Terrible. The tone/language used is not at all recognisable as anything even remotely used in Northern Ireland. 

This book, I found confusing, the writing style so opaque I couldn't really get a handle on the story. It was as if it was trying really hard to be clever and use everything in your inventory- something's got to work! Well it didn't work for me- I almost gave up. Lost my interest and was a chore to finish- sadly.

It is vastly overlong with rolling paragraphs of irrelevance.

It didn't work for me with few chapters a total lack and use of paragraphs the whole experience was muddled and confused. If the intent of the author was to get inside the mindset of the politically deranged "Ulsterman" it failed miserably and was a great disappointment to me personally.

 It is boring because there is much repetition of situations and of the girl's thoughts and her behaviour. 

It’s a chore to read this book. The story is pedestrian and lacks any ability to draw you in.

I found this book tedious, repetitive and difficult to read. 

I have no idea how to describe this book – it is so strange and dystopian and hypnotising and scary and funny with heart full of black humour. Milkman is not an easy read, but it is good. It is quirky, strange and surprisingly delightful. Did I mention the sarcasm and black humour? In abundance!

I found this quirky novel just a delight. The warmth and humour balanced this account of the Troubles in 1970s Belfast.

The author enabled one to fully enter the life of a young woman living in a situation like Belfast. 

I loved this book. I loved the writing. It was beautiful, lyrical, poetic.

It is a wonderful, crazy, energising, funny, ultimately life affirming read. Brilliantly written, and because the characters don't have names, I found it easy to remember who was who.

One of the best books I’ve read in recent times.

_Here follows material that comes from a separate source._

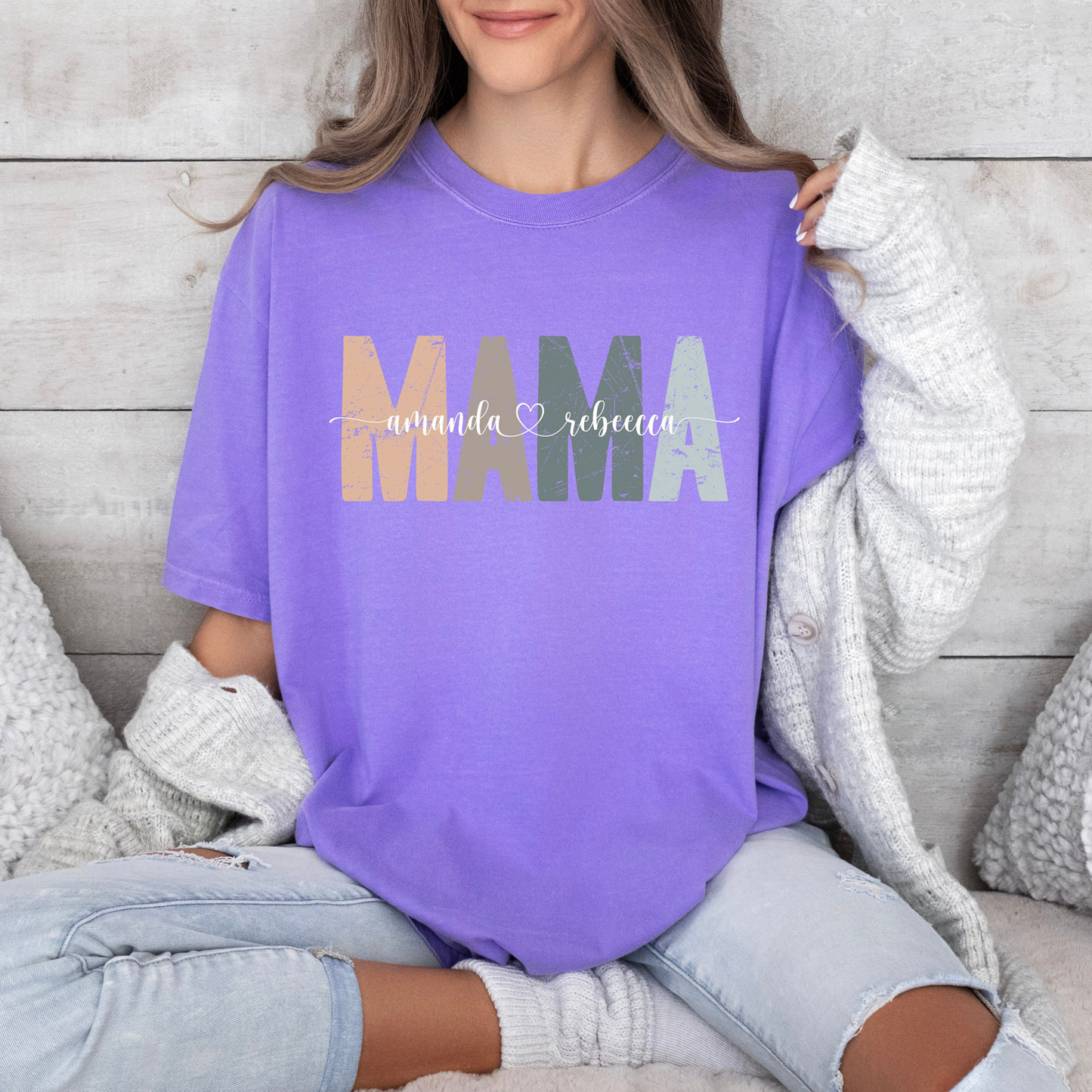 Personalisierte Mama Retro Shirt - Geschenk für Mütter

The narrative is so real, I felt I was in the Northern Ireland of the 70s and 80s. 

This just took my breath away. By far the best thing I have read in years.

And so on and so forth.

From the back cover, some other comments:

If somebody hands over their hard-earned cash to buy a book, they are entitled to their opinion. So, here's mine.

I started reading Milkman twice. The first time, about twenty pages in, I thought 'this is challenging me to find a rhythm' and I hadn't found it. So, I started again. A kind of rhythm began to emerge and, as is my wont, I read it in my native Belfast accent. The story began to flow. The humour was there. So was the intrigue and menace, the soul-searching, the claustrophobia and pressure of troubled localities, the powerful versus the powerless, the dividing lines, the thinking aloud. I could put faces to the unnamed characters, faces from my own circle growing up in Northern Ireland. I could hear voices from the city where I lived and worked until my early twenties. I grew into the narrative and I was more than happy to be swept along by imaginative and daring wordplay. This is quite unlike anything I have read before. Anna Burns, in my view, has invented a new style of writing. 

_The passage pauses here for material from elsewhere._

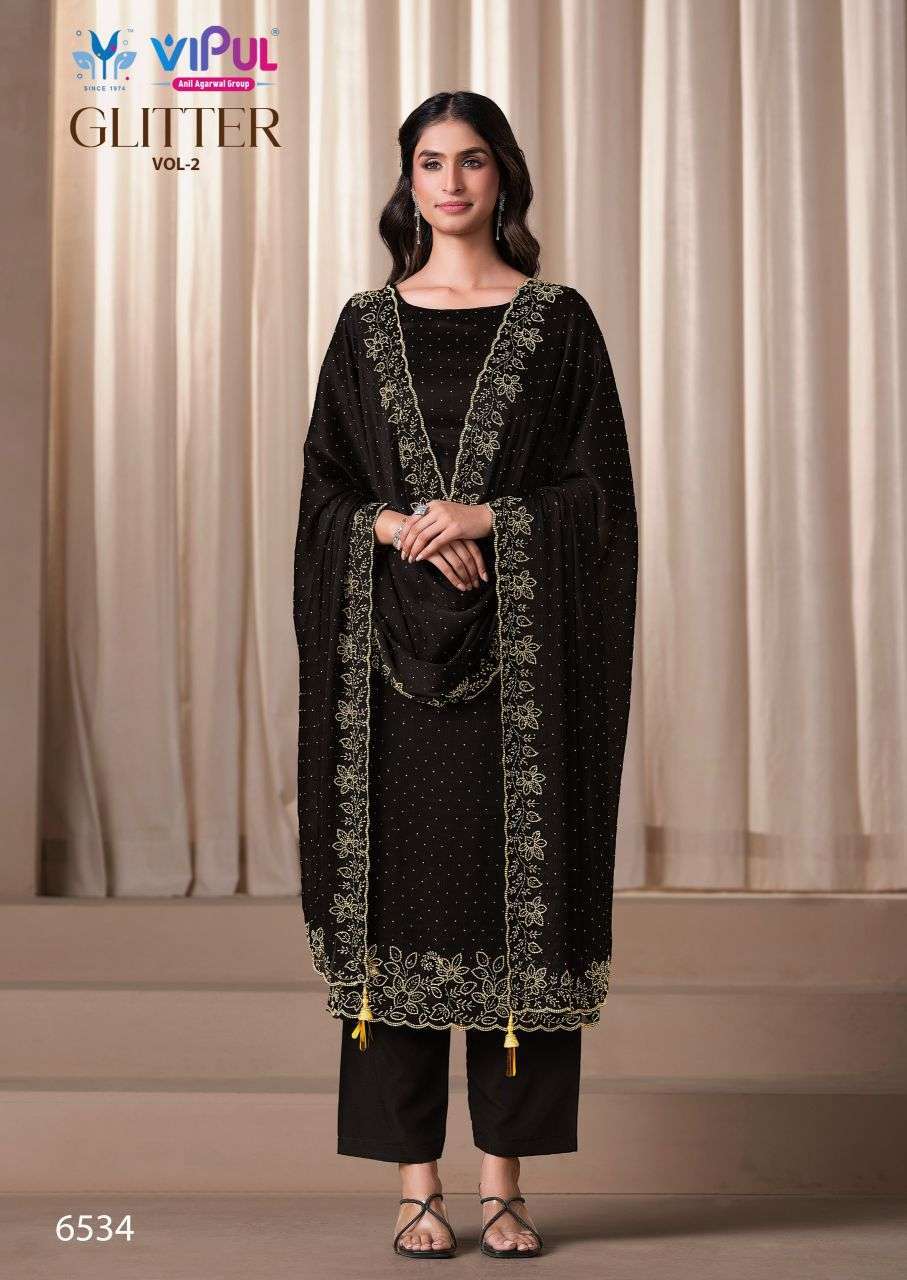 glitter vol-2 by vipul fashion 6534 chiffon designer salwar kameez wholesale price surat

Yes, it is challenging and takes a bit of getting used to but it is nowhere near the impossible novel or improbable prize-winner that critics with negative views would have you believe. Like any book, you either get it or you don't. After my brief stumble when I first started reading Milkman, I found my way in and I'm glad I did.

It is a rollercoaster of just about every emotion you can think of. It reeks of honesty and is layered with light and dark humour. It is unsettling in parts, as was intended, but has a kind of uplifting ending.

The fact that Anna Burns hails from Northern Ireland makes me and a hell of a lot of other people proud.

This was an extract that cracked me up:

'Don't be thinking I'm not grateful because I am grateful.' After a pause brother-in-law said he was going to beat him (Somebody McSomebody) up all the same. 'Not necessary.' I said. 'Still,' he said. 'Ach,' I said. 'Ach nothing,' he said. 'Ach sure,' I said. 'Ach sure what?' he said 'Ach sure, if that's how you feel.' 'Ach sure, of course that's how I feel.' 'Ach, all right then.' 'Ach,' he said. 'Ach,' I said. 'Ach,' he said. 'Ach,' I said. 'Ach.'

For the readers who gave up on the book: 'Ach, catch yourselves on!